• _Exercise directions_
A faithful, word-for-word copy of the data below is required, without pictures.

• _Stored data_
+---+

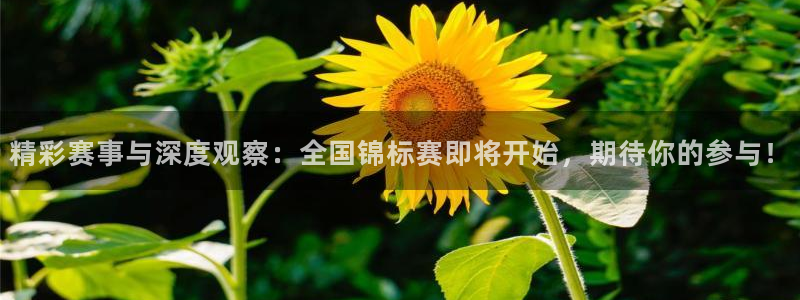 精彩赛事与深度观察：全国锦标赛即将开始，期待你的参与！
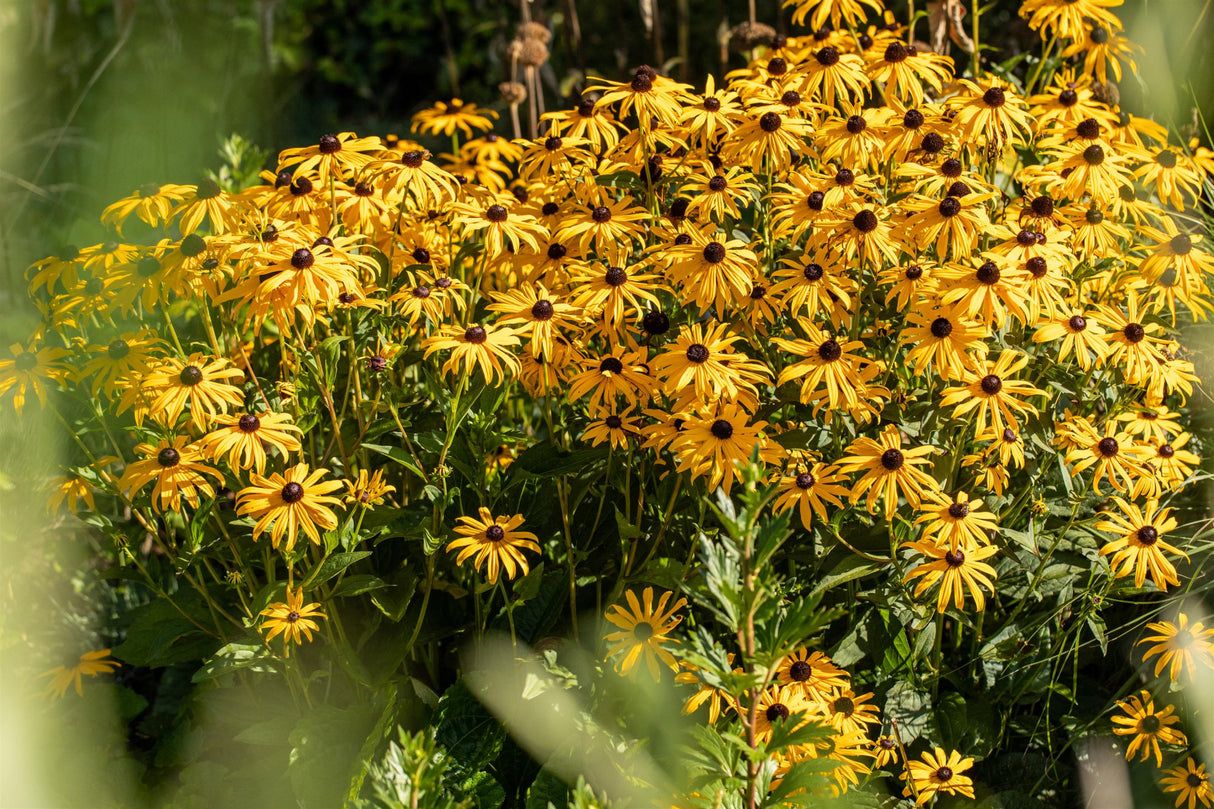 Rudbeckia fulgida mit Blüte; Einsatz: ;;ab 4,30 Euro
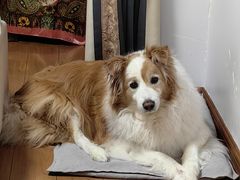 -瑞派申生动物医院·24H夜诊·国际动物医疗中心·骨外科(吴中路店)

+---+

• _Response for this exercise_
 精彩赛事与深度观察：全国锦标赛即将开始，期待你的参与！
 Rudbeckia fulgida mit Blüte; Einsatz: ;;ab 4,30 Euro
 -瑞派申生动物医院·24H夜诊·国际动物医疗中心·骨外科(吴中路店)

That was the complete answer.